What to produce
Go over the lines below, and when one contains the word "shirt", copy it.

Task data
──────

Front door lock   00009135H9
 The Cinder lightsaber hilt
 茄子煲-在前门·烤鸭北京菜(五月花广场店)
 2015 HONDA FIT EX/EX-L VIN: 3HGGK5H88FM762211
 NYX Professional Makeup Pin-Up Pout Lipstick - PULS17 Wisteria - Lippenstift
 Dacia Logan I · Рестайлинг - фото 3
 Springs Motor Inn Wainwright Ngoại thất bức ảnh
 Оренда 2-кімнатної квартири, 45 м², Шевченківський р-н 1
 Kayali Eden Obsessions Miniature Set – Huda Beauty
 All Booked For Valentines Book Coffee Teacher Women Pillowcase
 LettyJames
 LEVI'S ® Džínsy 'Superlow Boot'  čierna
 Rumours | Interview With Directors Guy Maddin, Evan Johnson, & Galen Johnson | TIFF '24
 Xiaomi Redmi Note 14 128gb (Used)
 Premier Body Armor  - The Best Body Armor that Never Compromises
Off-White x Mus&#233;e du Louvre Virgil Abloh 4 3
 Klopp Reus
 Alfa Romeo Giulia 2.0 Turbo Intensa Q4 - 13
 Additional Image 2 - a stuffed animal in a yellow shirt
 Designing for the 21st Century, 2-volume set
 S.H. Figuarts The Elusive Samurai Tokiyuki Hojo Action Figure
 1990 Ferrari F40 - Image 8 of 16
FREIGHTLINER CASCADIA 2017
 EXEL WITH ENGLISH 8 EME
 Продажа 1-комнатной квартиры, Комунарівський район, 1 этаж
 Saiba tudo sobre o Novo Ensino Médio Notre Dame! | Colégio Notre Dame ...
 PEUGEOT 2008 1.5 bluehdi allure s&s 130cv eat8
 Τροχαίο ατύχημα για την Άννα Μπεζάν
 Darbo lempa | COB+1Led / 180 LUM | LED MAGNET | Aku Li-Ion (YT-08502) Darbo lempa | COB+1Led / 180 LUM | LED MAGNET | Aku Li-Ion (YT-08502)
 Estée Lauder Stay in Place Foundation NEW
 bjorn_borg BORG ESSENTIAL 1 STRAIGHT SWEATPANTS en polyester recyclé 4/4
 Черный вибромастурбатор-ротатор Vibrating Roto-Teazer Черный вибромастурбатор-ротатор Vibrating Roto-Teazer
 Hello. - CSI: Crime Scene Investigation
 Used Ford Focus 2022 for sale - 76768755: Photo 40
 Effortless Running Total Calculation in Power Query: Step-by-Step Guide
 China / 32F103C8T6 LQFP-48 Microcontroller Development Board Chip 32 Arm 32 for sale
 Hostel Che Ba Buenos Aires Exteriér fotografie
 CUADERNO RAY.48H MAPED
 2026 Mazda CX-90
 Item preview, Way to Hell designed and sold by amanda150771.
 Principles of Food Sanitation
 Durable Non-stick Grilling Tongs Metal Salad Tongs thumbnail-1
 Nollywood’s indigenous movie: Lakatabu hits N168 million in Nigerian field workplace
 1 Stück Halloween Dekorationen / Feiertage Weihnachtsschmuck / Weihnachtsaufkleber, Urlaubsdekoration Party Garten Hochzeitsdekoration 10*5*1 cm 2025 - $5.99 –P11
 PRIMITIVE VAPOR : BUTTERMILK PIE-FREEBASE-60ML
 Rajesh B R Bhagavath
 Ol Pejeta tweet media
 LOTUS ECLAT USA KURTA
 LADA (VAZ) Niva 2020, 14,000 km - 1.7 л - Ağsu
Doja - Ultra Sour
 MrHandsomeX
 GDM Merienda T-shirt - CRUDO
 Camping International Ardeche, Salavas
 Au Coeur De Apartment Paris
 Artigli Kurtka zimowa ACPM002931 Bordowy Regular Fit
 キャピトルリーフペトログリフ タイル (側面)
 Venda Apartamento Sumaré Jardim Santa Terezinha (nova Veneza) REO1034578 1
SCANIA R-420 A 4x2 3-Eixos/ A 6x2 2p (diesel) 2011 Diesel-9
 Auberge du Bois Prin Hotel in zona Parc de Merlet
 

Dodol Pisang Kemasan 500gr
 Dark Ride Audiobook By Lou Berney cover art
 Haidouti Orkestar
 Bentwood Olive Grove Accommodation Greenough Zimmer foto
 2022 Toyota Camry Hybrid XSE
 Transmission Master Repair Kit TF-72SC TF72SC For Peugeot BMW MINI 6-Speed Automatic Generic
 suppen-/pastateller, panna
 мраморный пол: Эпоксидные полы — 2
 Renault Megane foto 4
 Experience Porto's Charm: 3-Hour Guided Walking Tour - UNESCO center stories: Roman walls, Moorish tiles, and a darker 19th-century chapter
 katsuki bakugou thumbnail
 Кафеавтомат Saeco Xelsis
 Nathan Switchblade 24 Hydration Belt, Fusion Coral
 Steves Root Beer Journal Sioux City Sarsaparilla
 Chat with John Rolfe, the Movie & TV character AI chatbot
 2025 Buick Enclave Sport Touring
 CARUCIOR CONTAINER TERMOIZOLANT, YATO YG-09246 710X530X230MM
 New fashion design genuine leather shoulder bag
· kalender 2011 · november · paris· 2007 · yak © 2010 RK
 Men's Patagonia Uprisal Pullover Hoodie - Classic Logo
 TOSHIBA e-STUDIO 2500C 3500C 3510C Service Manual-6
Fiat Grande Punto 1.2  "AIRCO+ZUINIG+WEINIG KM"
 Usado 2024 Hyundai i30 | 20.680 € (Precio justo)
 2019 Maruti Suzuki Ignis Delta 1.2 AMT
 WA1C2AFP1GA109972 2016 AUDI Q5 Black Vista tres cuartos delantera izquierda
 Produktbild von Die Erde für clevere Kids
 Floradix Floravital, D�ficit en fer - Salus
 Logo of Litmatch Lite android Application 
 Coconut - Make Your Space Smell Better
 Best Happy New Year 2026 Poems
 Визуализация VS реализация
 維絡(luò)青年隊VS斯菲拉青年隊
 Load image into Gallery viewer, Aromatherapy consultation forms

──────

Output for this exercise
 Additional Image 2 - a stuffed animal in a yellow shirt
 GDM Merienda T-shirt - CRUDO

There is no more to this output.